Pictures stay out of the copy; set down each line of the listing below exactly.
──────── Data for analysis ────────
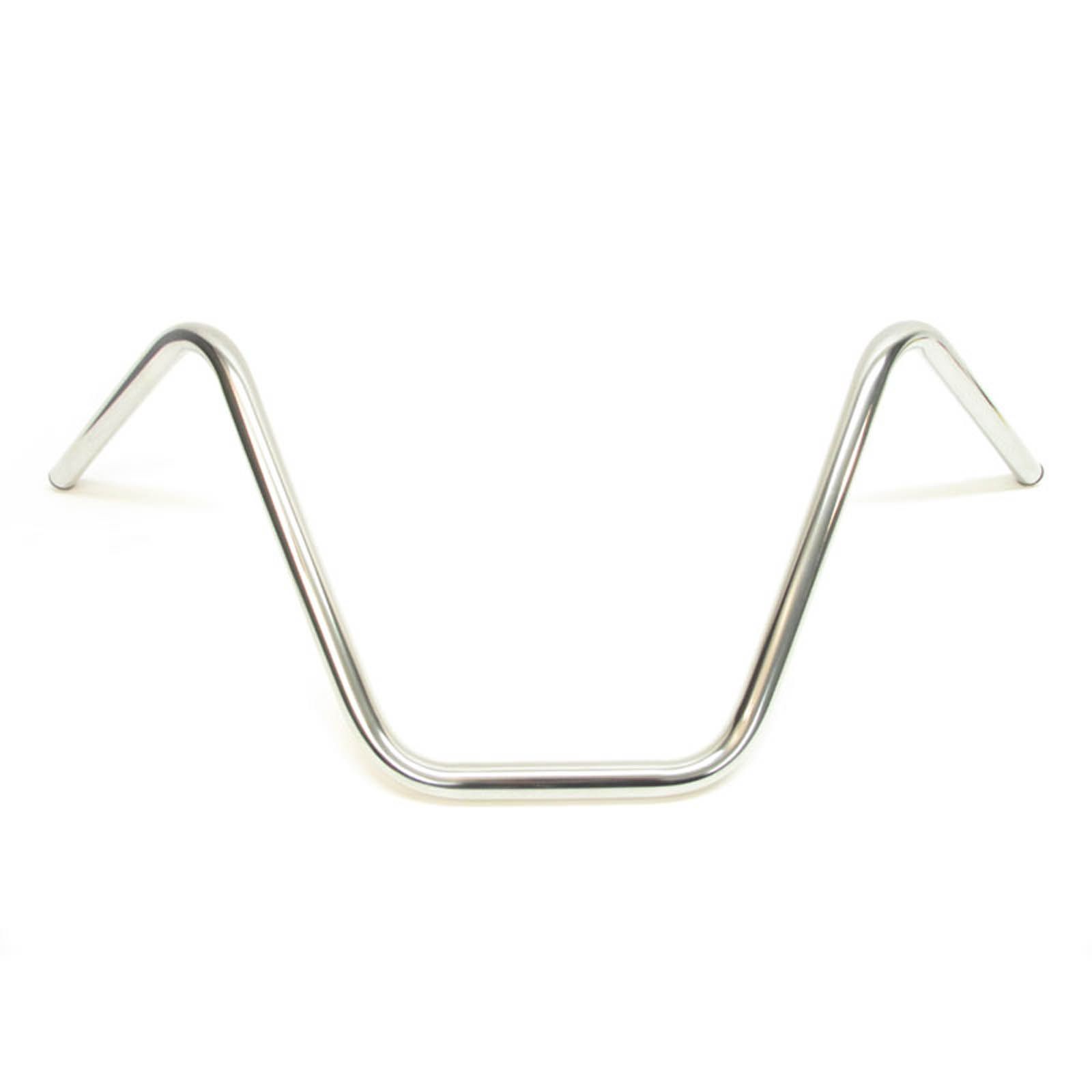 WHITES HANDLEBARS 7/8" APE HANGER 12" - Image 1
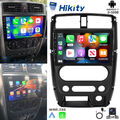 2+32GB Android 11 Apple Carplay Autoradio GPS Navi Für Suzuki Jimny SN 2005-2019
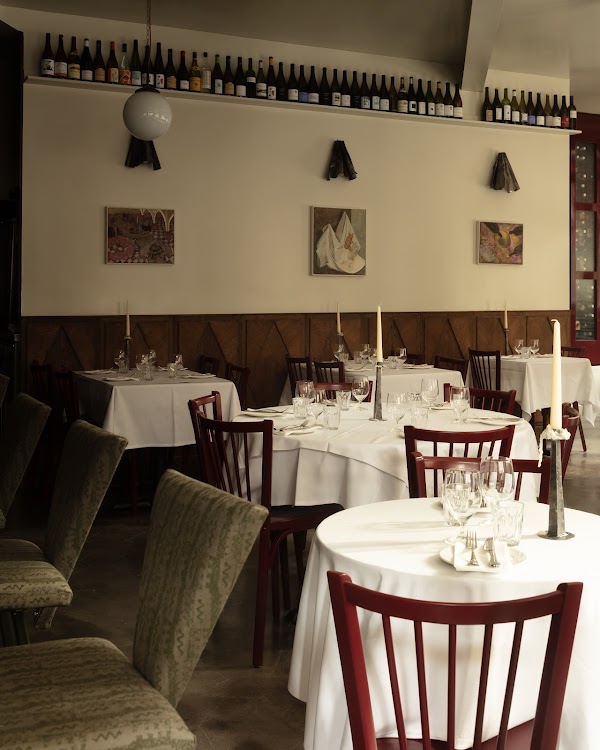 Bistro Freddie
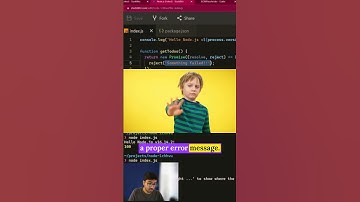 Handling Errors in Promises - The Right Way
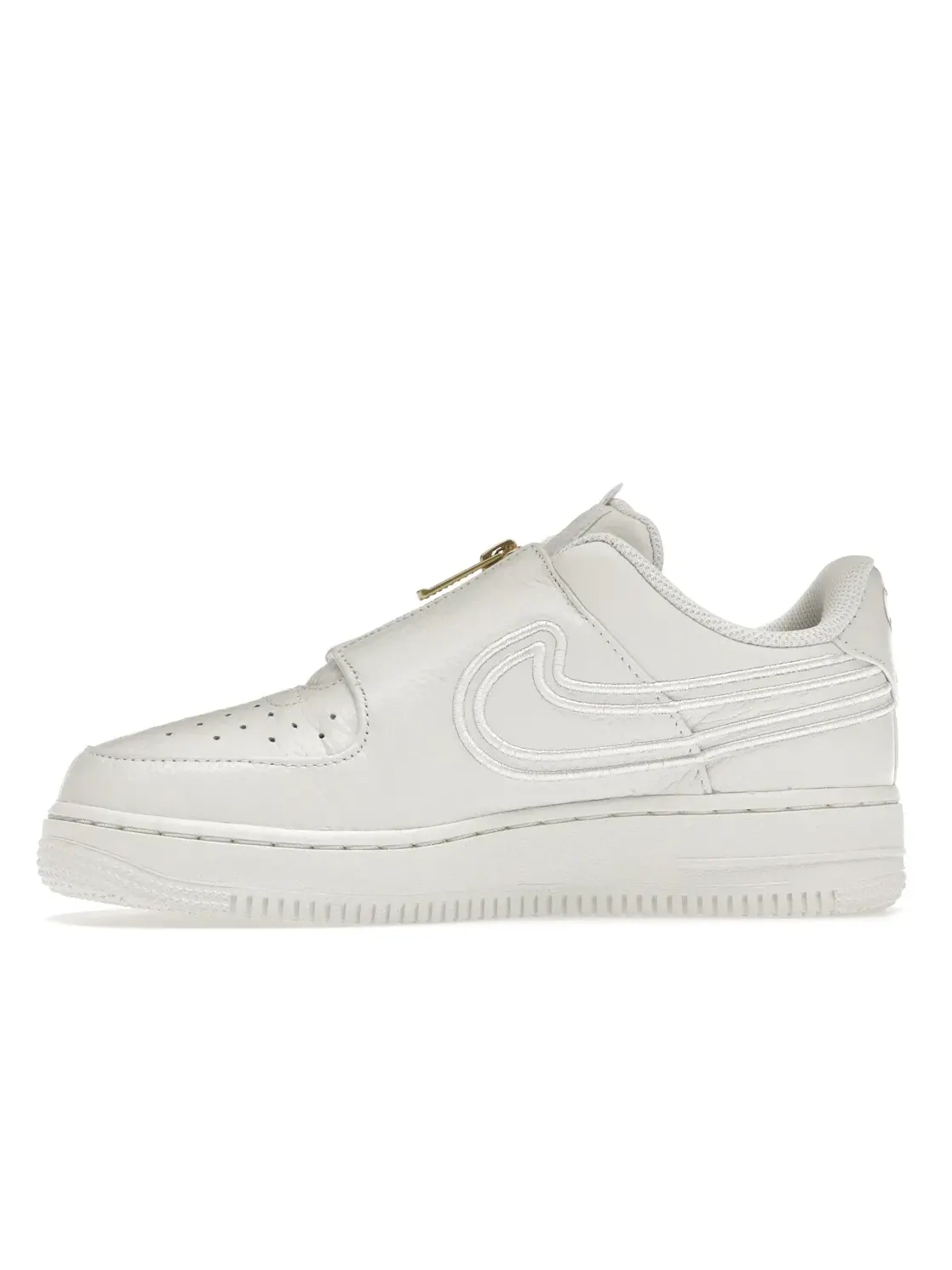 Женские кроссовки Lifestyle с золотой молнией Nike Air Force 1 Low LXX Zip Nike — изображение 3 из 4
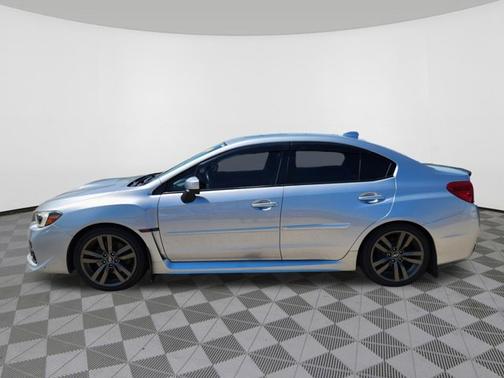 2017 Subaru WRX Limited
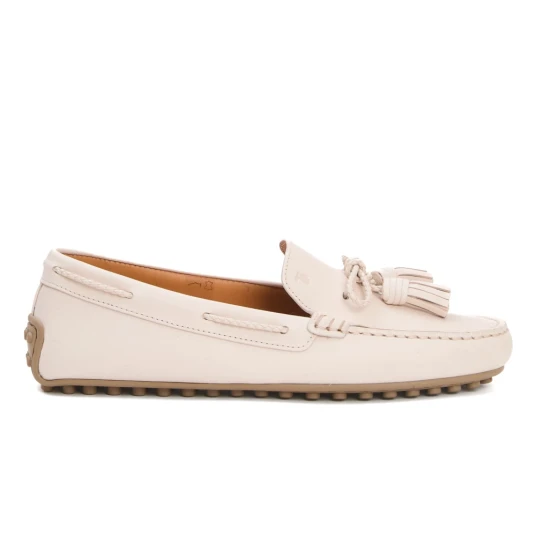 Tod's Dame Sko Hvit 37 1/2 EU Tod's Dame Sko Hvit 37 1/2 EU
────────
Your response =
 WHITES HANDLEBARS 7/8" APE HANGER 12" - Image 1
 2+32GB Android 11 Apple Carplay Autoradio GPS Navi Für Suzuki Jimny SN 2005-2019
 Bistro Freddie
 Handling Errors in Promises - The Right Way
 Женские кроссовки Lifestyle с золотой молнией Nike Air Force 1 Low LXX Zip Nike — изображение 3 из 4
 2017 Subaru WRX Limited
 Tod's Dame Sko Hvit 37 1/2 EU Tod's Dame Sko Hvit 37 1/2 EU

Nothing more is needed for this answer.